Move over Honey Crisp and Red Delicious. There’s a new apple in town.
Known as the Cosmic Crisp, the Washington-bred apple has been in development for more than two decades and is just reaching supermarket shelves throughout the state this week.
According to Bruce Barritt, the chief horticulturist and developer of the Cosmic Crisp, the apple is a cross between a Honey Crisp and Enterprise, which creates a firm, crisp, juicy apple with a long shelf life. The flavor profile is said to be a perfect balance between sweet and tart. When cut, it tends to turn brown more slowly than most apples, thanks to the influence of the Enterprise side of the breeding equation.
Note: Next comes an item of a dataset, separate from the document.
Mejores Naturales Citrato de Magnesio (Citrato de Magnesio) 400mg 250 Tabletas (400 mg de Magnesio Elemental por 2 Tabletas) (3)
The apple was developed by Washington State University’s world-class fruit breeding program and is the result of years of cross-hybridization between the two original apple varieties. Cosmic Crisp takes its name from the constellation of bright spots that dot its deep red skin.
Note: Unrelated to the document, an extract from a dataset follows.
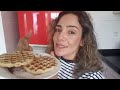 waffle low carb de baunilha feito com fibra de bambu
More than 600,000 Cosmic Crisp trees were sold to growers in 2017. By the end of 2020, WSU officials predict the trees will yield up to two million boxes of apples. Washington growers have a 10-year window of exclusivity when it comes to growing rights. Eventually, the number of boxes harvested by state growers should exceed 21 million.
“From a consumer perspective, it is an ultracrisp, very juicy apple with a good sweet-tart balance – so fundamentally just a good eat,” says Kate Evans, director of WSU’s Pome Fruit Breeding Program “It is a very long storing apple, so we know that it retains its quality pretty well in the evaluations that we’ve done so far and even eats well when it’s a year old.”